ARID1A regulates histone octamer transfer activity of human canonical BAF complex

Mutations that impact subunits of mammalian SWI/SNF (mSWI/SNF or BAF) chromatin remodeling complexes are found in over 20% of human cancers. Among these subunits, ARID1A is the most frequently mutated gene, occurring in over 8% of various cancers. The majority of ARID1A mutations are frameshift or nonsense mutations, causing loss of function. Previous studies have suggested that ARID1A may facilitate interactions between BAF complexes and various transcriptional coactivators, but a biochemical role for ARID1A in BAF remodeling activity has not been identified.

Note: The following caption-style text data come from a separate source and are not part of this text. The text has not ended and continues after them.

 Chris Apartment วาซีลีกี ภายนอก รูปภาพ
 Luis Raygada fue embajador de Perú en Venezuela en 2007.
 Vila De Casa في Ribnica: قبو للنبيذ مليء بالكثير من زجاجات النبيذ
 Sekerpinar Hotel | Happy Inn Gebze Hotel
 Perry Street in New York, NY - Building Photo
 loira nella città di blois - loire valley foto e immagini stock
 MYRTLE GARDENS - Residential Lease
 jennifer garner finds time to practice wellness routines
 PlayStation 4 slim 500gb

Here, we describe the in vitro reconstitution of the cBAF, PBAF, and ncBAF complexes, and we compare their biochemical activities. In addition, we reconstitute a variety of cBAF subcomplexes, defining roles for several subunits in high affinity nucleosome binding and nucleosome sliding activity. Remarkably, we find that the ARID1A subunit of cBAF is largely dispensable for nucleosome binding, nucleosome sliding, and ATPase activity, but ARID1A is required for cBAF to transfer histone octamers between DNA templates. These data suggest a model in which the histone octamer transfer activity of BAF complexes is key for cancer prevention.